What counts as "valid metadata" for the 20% weighting?

Three elements present together: a non-empty <title>, a non-empty <meta name="description">, and a <link rel="canonical"> resolving to a 200. All three must be present for the page to count toward the metadata score. Sentinel does not score per-element partial credit — the boolean "all three present" is a meaningful threshold for AI engines, which often skip pages missing any one of them.

Which schema types contribute to the 15% schema score?

Any valid JSON-LD block parseable by the schema.org vocabulary counts. Sentinel does not weight by type — Article, Product, FAQPage, Organization, HowTo, Dataset, and DefinedTerm all contribute equally to the boolean "page has structured data". What matters is presence + validity, not type. Pages can carry multiple schemas (most authority pages do, via @graph).

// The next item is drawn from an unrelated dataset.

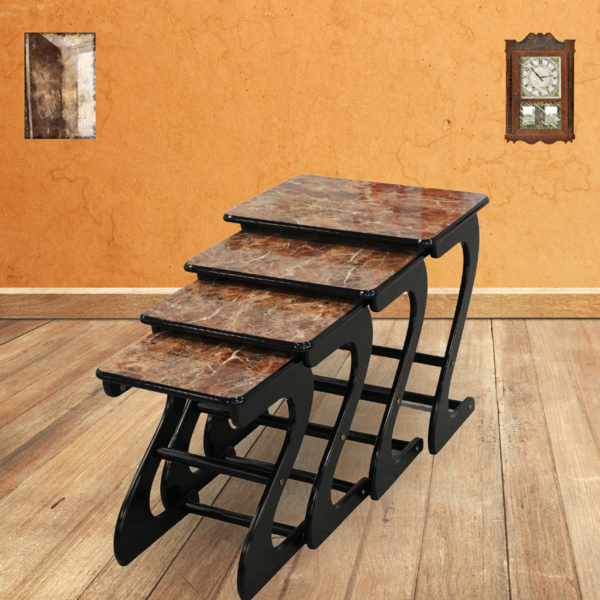 4PCS Z SHAPE NESTING TABLE SET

The score still treats them as binary "schema present or not".

How fast can the score change week-to-week?

In normal operation, a few points per week. Large jumps (10+ points) almost always indicate a deployment regression — a broken canonical, a sitewide schema break, a CDN config change that returns 5xx on a subset of pages. Small drift (1–3 points) is normal; Sentinel's regression burden component is designed to surface persistent small drift rather than mask it under a steady headline number.

Can the score go up without content changes?

Yes — and this is one of the score's most useful properties. Regression burden is capped: when an unresolved regression ages out (Sentinel's default is 14 days) or is explicitly suppressed by an operator, the burden component recovers. A site that fixes a regression on Tuesday will see availability and the affected component recover the following Monday; the regression burden component drops one regression's worth of penalty as soon as the row is closed.

How does the Sentinel score compare to other AI visibility scores?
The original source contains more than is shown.